Design Principles (abridged)

#Principle
1Data recoverability & reproducibility (S3 = source of truth)
2Idempotent transforms (INSERT ... ON CONFLICT DO UPDATE)
3Multi-tenancy & client isolation (separate SQL Database schemas)
4Per-client customization (subclass overrides)
5Different input ERP data structures (client-specific transforms)
6Strong cohesion, loose coupling
7Maintainability & easy extensibility
8Data scientists work with Parquet
9DB-level domain constraints (lookup tables + FKs)
10Audit-proof configuration (append-only, versioned)
11Explicit naming (no abbreviations, x_ junctions)
12No cyclical data dependencies (strict DAG)
13Minimal nullable FKs (5 approved exceptions)
14No polymorphic tables (per-entity typed tables)
154NF: No bare string enums (FK to lookup tables)
16Cached columns with documented authority + staleness detection
17Structured over schemaless (JSONB only for dynamic data)
18Aggressive DB-level constraints (UNIQUE, NOT NULL, CHECK)
19Serialized pipeline execution (one run at a time per schema)
20No hard deletes on ERP-sourced entities (soft-delete only)
21Atomic pipeline steps (per-step transactions, rollback on failure)
22Date partitioning for time-series tables (monthly/quarterly)
23Dates client-local, timestamps UTC
24Data quality gating (hard gate before DB load)

Glossary

TermDefinition
Echelon A level in the supply chain hierarchy (Store → DC → Warehouse). Each echelon has its own inventory strategies.
MEIO Multi-Echelon Inventory Optimization — coordinated inventory targets across the full supply chain.
Newsvendor Single-period stochastic inventory model.

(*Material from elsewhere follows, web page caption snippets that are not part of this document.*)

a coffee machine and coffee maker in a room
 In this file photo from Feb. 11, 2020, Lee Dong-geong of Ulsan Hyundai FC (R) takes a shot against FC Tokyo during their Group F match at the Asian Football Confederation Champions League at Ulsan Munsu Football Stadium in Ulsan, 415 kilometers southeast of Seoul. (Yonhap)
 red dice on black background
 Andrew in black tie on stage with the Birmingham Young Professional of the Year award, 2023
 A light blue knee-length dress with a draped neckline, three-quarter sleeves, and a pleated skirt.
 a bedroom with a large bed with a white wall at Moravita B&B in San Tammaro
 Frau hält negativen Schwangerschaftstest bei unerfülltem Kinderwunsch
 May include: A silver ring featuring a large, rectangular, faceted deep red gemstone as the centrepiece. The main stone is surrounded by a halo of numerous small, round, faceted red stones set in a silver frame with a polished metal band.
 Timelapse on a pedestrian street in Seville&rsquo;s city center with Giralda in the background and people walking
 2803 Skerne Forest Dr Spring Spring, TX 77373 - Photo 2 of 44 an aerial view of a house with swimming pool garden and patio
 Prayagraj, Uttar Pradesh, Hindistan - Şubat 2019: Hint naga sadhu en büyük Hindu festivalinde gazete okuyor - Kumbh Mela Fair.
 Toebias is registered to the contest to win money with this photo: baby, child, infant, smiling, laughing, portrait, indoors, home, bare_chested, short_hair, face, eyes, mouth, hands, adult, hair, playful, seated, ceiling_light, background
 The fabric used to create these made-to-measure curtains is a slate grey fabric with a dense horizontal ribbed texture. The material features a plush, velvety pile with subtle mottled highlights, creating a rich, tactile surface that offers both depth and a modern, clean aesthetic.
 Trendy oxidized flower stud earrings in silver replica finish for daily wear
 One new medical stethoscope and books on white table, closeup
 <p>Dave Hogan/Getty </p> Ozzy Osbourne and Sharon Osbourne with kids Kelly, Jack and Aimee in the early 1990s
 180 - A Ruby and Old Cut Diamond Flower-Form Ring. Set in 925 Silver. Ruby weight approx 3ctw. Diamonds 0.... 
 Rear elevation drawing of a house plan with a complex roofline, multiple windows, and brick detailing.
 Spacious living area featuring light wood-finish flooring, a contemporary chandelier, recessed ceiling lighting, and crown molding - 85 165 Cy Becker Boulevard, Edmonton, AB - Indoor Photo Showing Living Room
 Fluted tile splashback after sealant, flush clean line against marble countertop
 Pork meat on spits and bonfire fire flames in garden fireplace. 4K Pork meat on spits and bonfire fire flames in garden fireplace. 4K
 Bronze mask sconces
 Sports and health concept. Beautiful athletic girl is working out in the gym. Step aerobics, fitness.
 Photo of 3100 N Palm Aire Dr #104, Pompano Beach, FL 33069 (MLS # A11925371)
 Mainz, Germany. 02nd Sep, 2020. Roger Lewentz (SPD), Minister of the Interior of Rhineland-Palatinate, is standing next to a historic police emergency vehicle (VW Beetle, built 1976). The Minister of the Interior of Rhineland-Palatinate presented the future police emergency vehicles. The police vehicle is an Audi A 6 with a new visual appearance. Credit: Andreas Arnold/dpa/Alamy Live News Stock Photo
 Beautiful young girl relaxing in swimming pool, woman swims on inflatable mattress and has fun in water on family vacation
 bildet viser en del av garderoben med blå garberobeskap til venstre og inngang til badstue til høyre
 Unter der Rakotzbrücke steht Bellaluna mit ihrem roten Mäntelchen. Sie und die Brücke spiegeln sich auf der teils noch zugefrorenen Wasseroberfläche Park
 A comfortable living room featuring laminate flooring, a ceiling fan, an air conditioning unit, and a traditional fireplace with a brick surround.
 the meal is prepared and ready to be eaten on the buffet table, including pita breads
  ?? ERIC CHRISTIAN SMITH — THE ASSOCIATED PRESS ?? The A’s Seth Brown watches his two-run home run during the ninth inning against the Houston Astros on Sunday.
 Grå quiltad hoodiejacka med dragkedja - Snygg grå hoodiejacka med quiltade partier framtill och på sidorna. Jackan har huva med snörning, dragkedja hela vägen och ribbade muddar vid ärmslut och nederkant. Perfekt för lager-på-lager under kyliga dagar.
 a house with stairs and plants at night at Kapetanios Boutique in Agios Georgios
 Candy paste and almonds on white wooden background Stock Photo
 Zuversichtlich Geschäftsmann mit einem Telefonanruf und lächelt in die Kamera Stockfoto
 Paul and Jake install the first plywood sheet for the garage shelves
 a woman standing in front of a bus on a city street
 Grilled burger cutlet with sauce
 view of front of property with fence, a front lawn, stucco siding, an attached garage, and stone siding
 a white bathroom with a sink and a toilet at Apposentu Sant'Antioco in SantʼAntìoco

Balances overage cost (Co) vs. underage cost (Cu) using critical ratio Cu/(Cu+Co).
FMR Fast / Medium / Rare — segmentation by % days with sales.
ABC Pareto classification by cumulative revenue — A (top 80%), B (80–95%), C (95–100%).
XYZ Demand variability — X (CV ≤ 0.5), Y (CV ≤ 1.0), Z (CV > 1.0).
Hotness Score Composite 0–100 product ranking: velocity (0.25) + trend (0.15) + shelf (0.15) + margin (0.15) + volume (0.30).
Phase-out Score Algorithmic dead / declining product detection based on sales recency, velocity, and supplier availability.
Upsert INSERT ... ON CONFLICT DO UPDATE — idempotent write ensuring re-running a transform produces identical DB state.
UK UNIQUE constraint (single-column, marked in ERD column definitions).
Junction table Many-to-many cross table, prefixed with x_ (e.g. x_supplier_products).
CASCADE Impact severity: change propagates through 4+ pipeline steps, affects forecasts AND recommendations.
GATE Impact severity: binary on/off — includes or excludes an entity from the entire pipeline.
_stats schema Derivative statistics schema (e.g. cw_200_stats). Droppable and rebuildable from the core schema.
cw_global Shared reference schema for cross-client data: geography, currencies, users, client configuration.